Mesmerizing autumn scenery of Wulan Butong Grassland in North China's Inner Mongolia.[Photo by Zhou Hengbin/China Daily]
Northern China's Inner Mongolia autonomous region has stepped up efforts to curb the ecological degradation of its vast grasslands, with the average vegetation coverage of its pastures remaining at 44 percent over the past three years.
The region has some 88 million hectares of grasslands, accounting for about one-fifth of the country's total. Areas of the grasslands suffered severe degradation and desertification in the late 1990s due to drought and overgrazing.
The environment of Inner Mongolia's grasslands has significantly improved as the region implements a spate of ecological projects including controlling grazing and returning farmland to grassland and forest.

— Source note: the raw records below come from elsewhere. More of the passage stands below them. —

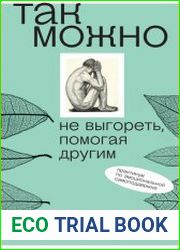 Так можно не выгореть, помогая другим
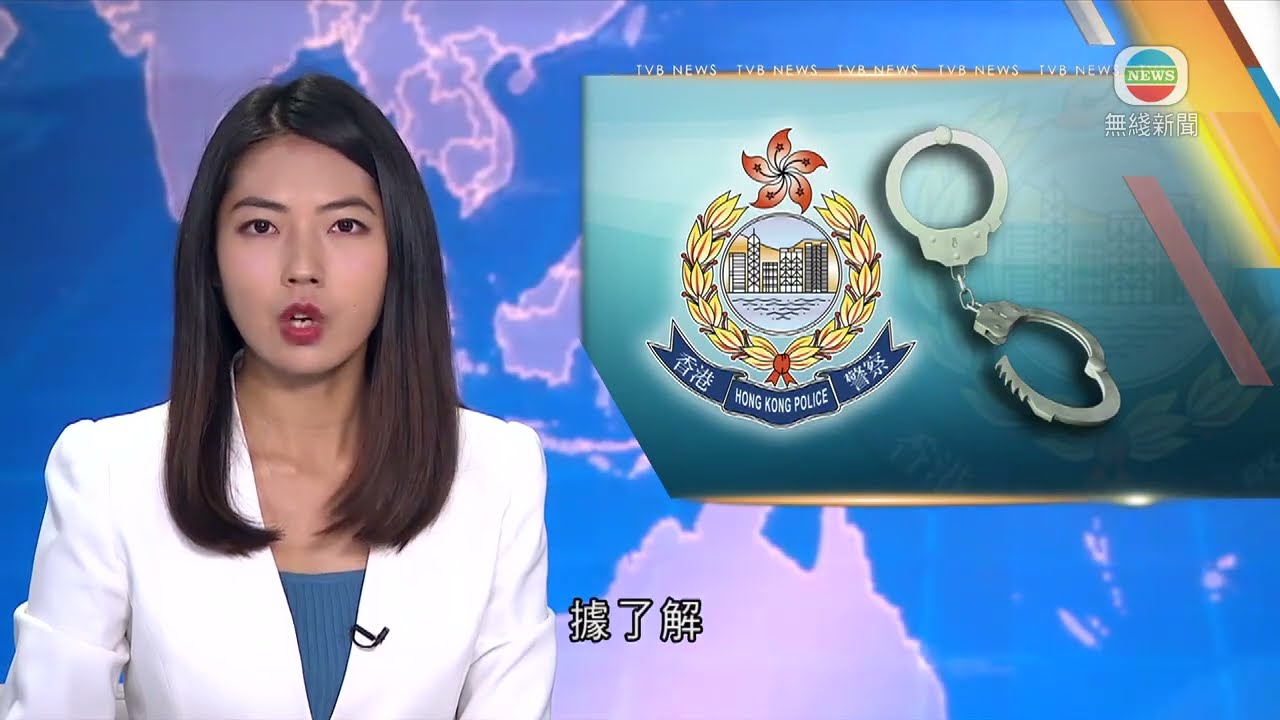香港新聞｜無綫新聞｜15/01/24 要聞｜【灣仔致命車禍】據悉初步懷疑涉事的士衝紅燈 33歲司機涉危駕被捕｜TVB News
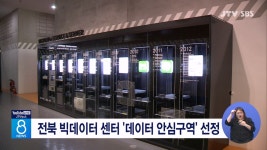 전북 빅데이터 센터 데이터 안심구역 선정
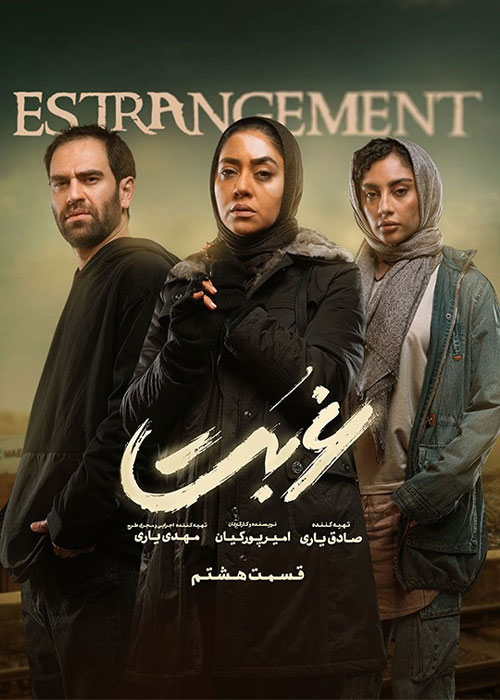 دانلود قسمت هشتم سریال غربت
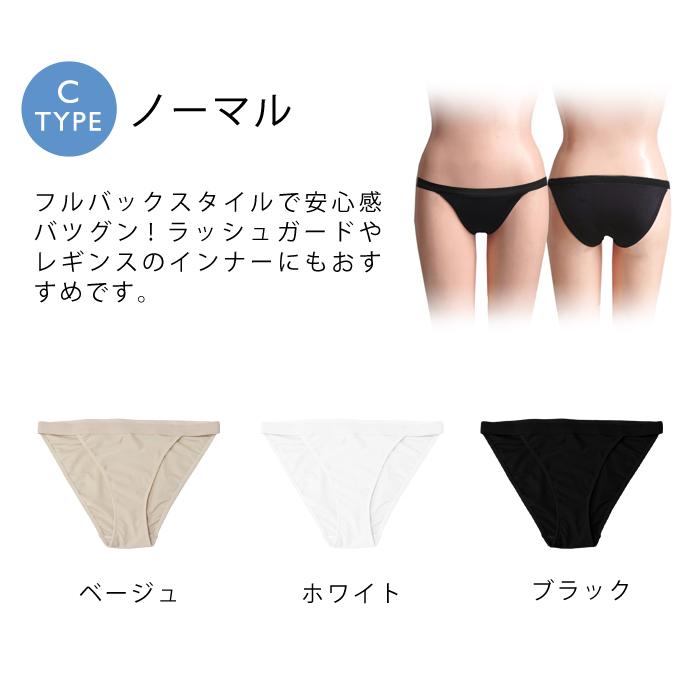 インナーショーツ KOEISTORE（コウエイストア） インナーショーツ レディース 春 夏 春夏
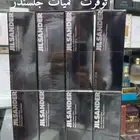 عطور جميع الماركات العالمية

Sun Zhenyun, head of the regional agriculture and animal husbandry department, said grazing is now banned in around 27 million hectares of pastures, and about 109,000 hectares of farmland has been returned to grasslands or forests.

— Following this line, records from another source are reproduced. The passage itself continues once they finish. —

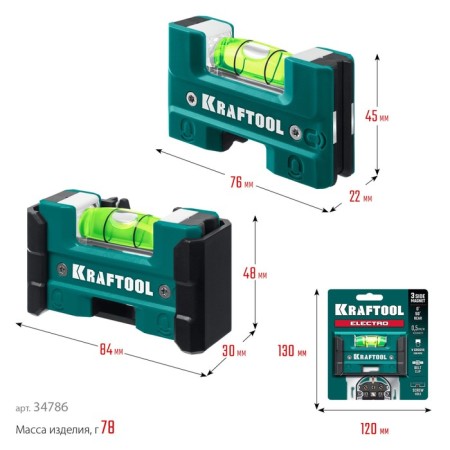 Level Kraftool Electric 34786, magnetic, for sockets, 76 mm-8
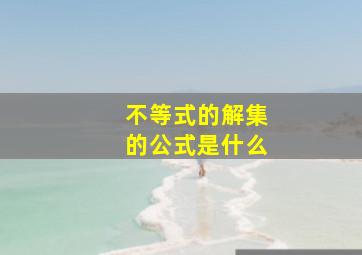 不等式的解集的公式是什么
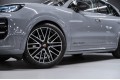 2026 Porsche Cayenne Базовая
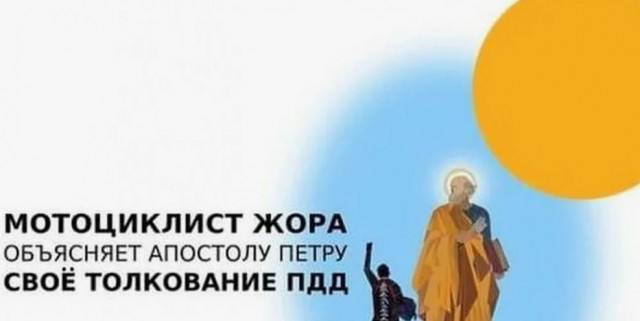 По морде ковшом это больно, ну хоть жив.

The average vegetation coverage of the region's pastures has increased by 7 percentage points from 37 percent in 2010. The number is now equivalent to that in the mid 1980s, Sun said.
The region has also improved its legal system for grassland protection and provided subsidies for local herders and farmers to encourage them to control grazing.
Inner Mongolia aims to increase its average vegetation coverage of grasslands to about 46 percent by 2020.